Other considerations regarding structured settlements include the following: someone who has been injured and will require special care for a long time may benefit from receiving lump sum payments on a regular basis so that they may afford to maintain their quality of life. A structured settlement may be more appropriate for a minor if it covers expenses like college tuition and fees while the child is still a minor rather than waiting until they are an adult.
Notes on the Clause
Injured parties should exercise caution around structured settlements due to the possibility of exploitation or other risks. They need to think carefully about:
Large Commissions: Annuities are a great way for insurance firms to make money, and they typically come with substantial commissions. Commissions charged during the structuring of a settlement should not consume a large portion of the settlement’s principal.
The defense may exaggerate the benefits of a negotiated structured settlement in some cases. This results in the plaintiff receiving far less compensation than was originally anticipated.

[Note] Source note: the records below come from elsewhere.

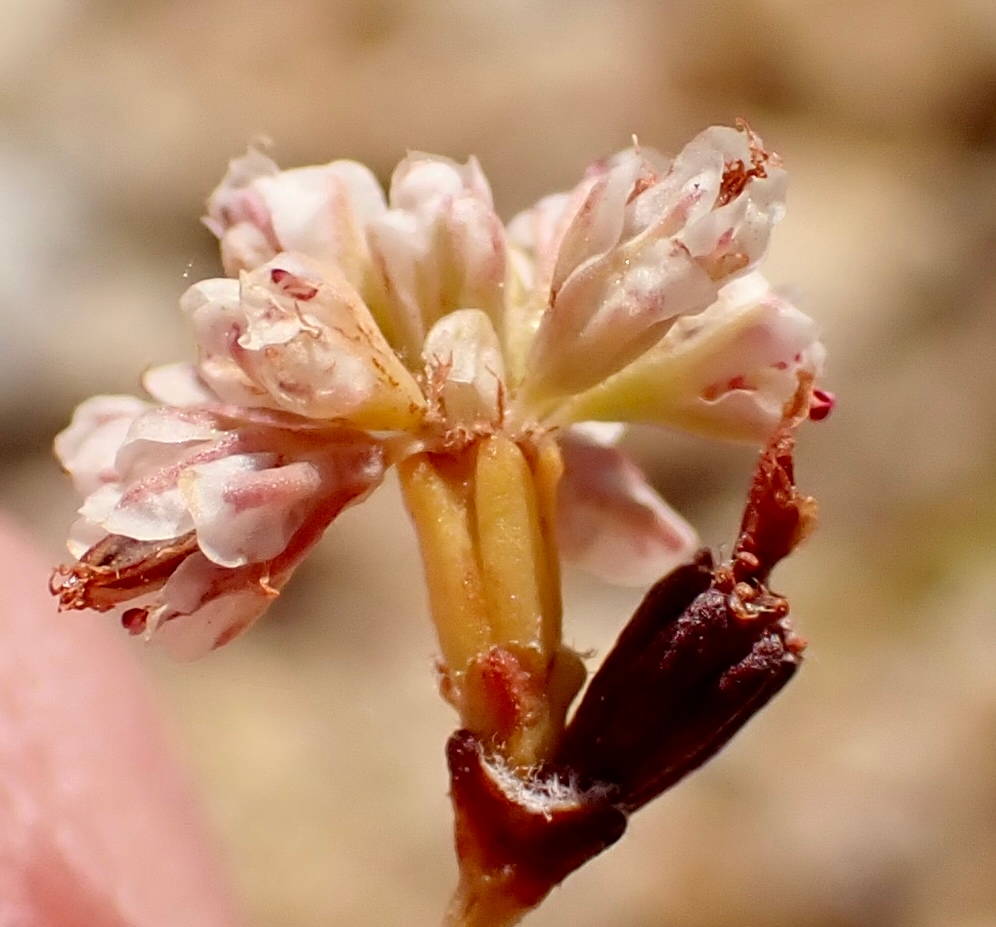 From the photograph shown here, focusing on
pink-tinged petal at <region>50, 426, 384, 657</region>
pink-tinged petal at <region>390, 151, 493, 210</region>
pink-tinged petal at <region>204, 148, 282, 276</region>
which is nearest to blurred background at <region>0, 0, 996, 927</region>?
pink-tinged petal at <region>204, 148, 282, 276</region>

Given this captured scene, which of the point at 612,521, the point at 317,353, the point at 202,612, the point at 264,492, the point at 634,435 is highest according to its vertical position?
the point at 317,353

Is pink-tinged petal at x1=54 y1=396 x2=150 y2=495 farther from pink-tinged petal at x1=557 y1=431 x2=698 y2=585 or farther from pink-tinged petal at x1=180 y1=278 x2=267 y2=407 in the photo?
pink-tinged petal at x1=557 y1=431 x2=698 y2=585

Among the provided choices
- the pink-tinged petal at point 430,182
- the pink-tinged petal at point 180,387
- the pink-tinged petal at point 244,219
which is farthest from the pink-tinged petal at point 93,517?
the pink-tinged petal at point 430,182

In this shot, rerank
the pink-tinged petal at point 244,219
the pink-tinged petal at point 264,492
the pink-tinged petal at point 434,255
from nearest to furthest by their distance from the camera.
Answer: the pink-tinged petal at point 264,492
the pink-tinged petal at point 434,255
the pink-tinged petal at point 244,219

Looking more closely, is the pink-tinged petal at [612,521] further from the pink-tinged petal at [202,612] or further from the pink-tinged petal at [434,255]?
the pink-tinged petal at [202,612]

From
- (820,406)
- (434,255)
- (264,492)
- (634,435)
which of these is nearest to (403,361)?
(434,255)

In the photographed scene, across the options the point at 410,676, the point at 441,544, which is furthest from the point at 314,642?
the point at 441,544

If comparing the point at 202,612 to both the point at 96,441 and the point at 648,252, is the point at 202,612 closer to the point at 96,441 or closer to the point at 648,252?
the point at 96,441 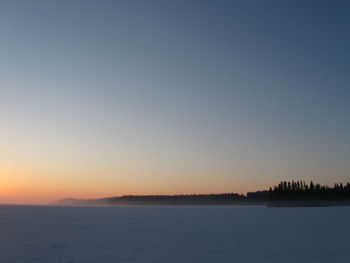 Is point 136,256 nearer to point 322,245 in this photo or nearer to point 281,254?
point 281,254

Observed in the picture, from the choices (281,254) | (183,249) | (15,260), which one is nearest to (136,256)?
(183,249)

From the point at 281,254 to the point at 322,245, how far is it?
7168 millimetres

To ensure they are getting their money’s worth, plaintiffs can investigate the fees and commissions paid by other insurance providers for comparable settlement packages.
In some cases, a plaintiff’s attorney will recommend a financial planner to put up a structured settlement without revealing that he will receive a referral fee if the client chooses to go with that planner. There have been other instances where a plaintiff’s attorney has arranged a structured settlement for his client without disclosing that the annuities are being acquired from his own insurance company. Any financial services given or advised by an attorney should be evaluated by the client for potential conflicts of interest.
An annuity for a structured settlement should be purchased from many insurance providers. This safeguards the recipient of annuities as part of a settlement package in the event that the issuing corporation declares bankruptcy and defaults on its obligations.
Gains from Disposing of a Settlement
At the moment it is prepared, a structured settlement is tailored to the interests of the plaintiff. But what if the payment plan stops being feasible for the person? You might think about selling your structured settlement if you need a substantial sum of money for a purchase or to meet unexpected obligations. There are plenty of businesses willing to buy all or a portion of your future settlement payments in exchange for a single flat sum. This can improve your financial situation by giving you access to funds you can put to use right away, whether that’s for a housing down payment, school expenses, business investments, or debt consolidation.
Get in touch with an attorney before taking money out of your structured settlement. It may be necessary to seek judicial approval of the buyout in your state. According to the NSSTA, around two-thirds of states impose restrictions on the transfer of structured settlements. Some insurance companies will not allow annuities to be assigned or transferred to third parties, and federal law places limitations on the resale of tax-free structured settlements.
Be sure to shop around when selling your structural settlement to get the best price. Make sure the company you sell your settlement to has a good reputation and track record. Furthermore, remember that if an offer seems too good to be true, it probably is.